What can we learn from this? My readers are mature adults, who expect to be in their final phase of development. Yet throughout an individual’s life the person can somehow find themselves in a period of “sohu” spiritual chaos. The Torah teaches us don’t worry. Raise your head and open your spiritual eyes towards Hashem and look to Him for support. Start again and persist forward. Relook at your character, your daily life. And through Torah learning and Torah living you’ll again get back on the right path and the spiritual growth of the mature adult, the final Torah phase of Creation.

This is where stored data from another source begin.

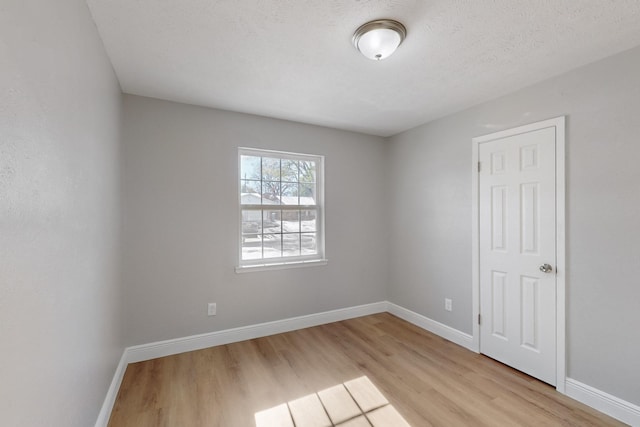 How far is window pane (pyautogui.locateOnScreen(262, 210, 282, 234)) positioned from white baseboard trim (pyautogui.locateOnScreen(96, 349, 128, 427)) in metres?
1.73

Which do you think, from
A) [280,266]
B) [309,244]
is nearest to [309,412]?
[280,266]

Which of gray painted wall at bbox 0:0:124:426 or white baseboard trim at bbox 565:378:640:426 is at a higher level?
gray painted wall at bbox 0:0:124:426

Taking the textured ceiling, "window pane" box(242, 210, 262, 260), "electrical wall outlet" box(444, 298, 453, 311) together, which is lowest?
"electrical wall outlet" box(444, 298, 453, 311)

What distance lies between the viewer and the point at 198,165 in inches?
112

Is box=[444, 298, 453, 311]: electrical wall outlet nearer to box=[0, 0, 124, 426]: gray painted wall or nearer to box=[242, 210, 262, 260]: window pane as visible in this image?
box=[242, 210, 262, 260]: window pane

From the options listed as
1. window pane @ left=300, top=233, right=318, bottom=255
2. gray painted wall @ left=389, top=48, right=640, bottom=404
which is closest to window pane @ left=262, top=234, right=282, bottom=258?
window pane @ left=300, top=233, right=318, bottom=255

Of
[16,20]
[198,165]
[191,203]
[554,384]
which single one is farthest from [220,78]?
[554,384]

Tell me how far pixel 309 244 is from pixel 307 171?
930mm

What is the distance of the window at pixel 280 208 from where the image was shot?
3.15m

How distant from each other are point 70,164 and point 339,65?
5.77 ft

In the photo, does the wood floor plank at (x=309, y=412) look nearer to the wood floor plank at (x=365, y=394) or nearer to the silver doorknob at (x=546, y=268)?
the wood floor plank at (x=365, y=394)

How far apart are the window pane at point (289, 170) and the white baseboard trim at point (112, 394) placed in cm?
232

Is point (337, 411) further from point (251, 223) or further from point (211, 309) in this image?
point (251, 223)

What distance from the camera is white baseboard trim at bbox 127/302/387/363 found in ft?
8.57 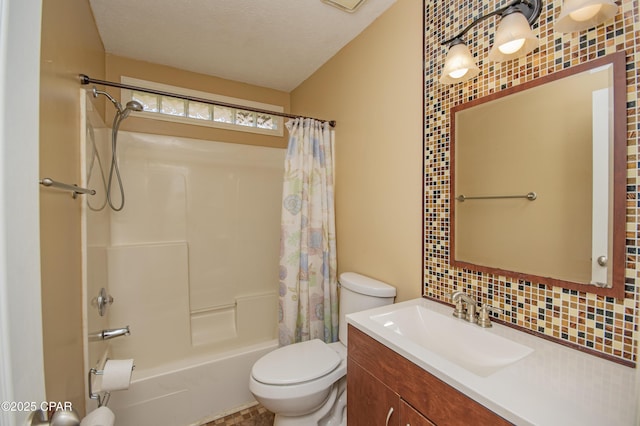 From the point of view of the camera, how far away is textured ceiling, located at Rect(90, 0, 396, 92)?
158 centimetres

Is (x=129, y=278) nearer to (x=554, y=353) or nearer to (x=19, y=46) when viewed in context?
(x=19, y=46)

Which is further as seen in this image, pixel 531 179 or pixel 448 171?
pixel 448 171

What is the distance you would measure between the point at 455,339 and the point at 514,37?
112 cm

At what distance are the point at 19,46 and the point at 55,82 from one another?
2.57ft

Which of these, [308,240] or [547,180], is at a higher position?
[547,180]

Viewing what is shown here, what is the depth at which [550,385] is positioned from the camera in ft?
2.31

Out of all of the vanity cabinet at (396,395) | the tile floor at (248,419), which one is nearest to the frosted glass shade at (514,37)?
the vanity cabinet at (396,395)

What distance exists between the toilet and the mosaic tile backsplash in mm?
384

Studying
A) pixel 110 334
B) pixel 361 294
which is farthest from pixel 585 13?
pixel 110 334

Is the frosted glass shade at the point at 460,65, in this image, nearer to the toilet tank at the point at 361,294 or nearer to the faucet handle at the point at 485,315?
the faucet handle at the point at 485,315

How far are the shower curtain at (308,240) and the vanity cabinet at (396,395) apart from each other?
2.57 ft

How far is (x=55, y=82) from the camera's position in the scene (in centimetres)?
101

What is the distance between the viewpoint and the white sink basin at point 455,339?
3.09 feet

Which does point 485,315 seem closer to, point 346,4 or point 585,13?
point 585,13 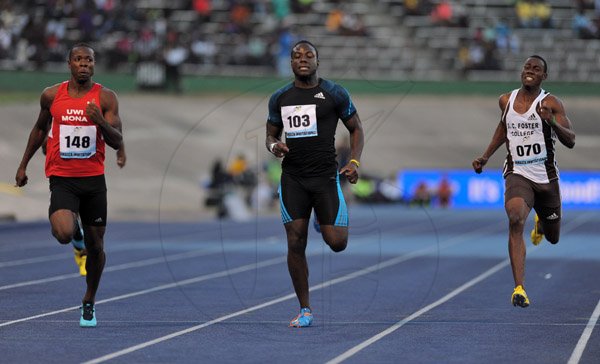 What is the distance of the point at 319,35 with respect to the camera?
43.3 meters

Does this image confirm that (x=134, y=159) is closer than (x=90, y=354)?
No

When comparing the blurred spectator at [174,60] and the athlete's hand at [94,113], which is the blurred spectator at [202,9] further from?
the athlete's hand at [94,113]

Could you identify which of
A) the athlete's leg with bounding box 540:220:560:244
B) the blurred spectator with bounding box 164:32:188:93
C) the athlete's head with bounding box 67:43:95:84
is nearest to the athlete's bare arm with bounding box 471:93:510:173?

Thursday, September 16, 2010

Confession - Leaving Our Spiritual Hideouts

The central underlying concept of the Yom Kippur liturgy is constant Vidui or Confession. The “oshamnu bogadnu” Vidui, the constant “al cheits” again and again, and “sholosh esrei midos of Hashem Hashem”. What is the purpose of all these verbal confessions? I know what I did! Hashem knows what I have done! Why is verbalization of what I have done wrong such a critical requirement in the Yom Kippur process of T'shuva Repentance and Slicha V’Kaporoh Forgiveness and Atonement? One simple understanding is that Vidui helps a person to clearly express his mistakes and to clearly accept his wrongdoing as fact, in order to strengthen one's commitment for change, the raison d’ĂȘtre for T’shuva.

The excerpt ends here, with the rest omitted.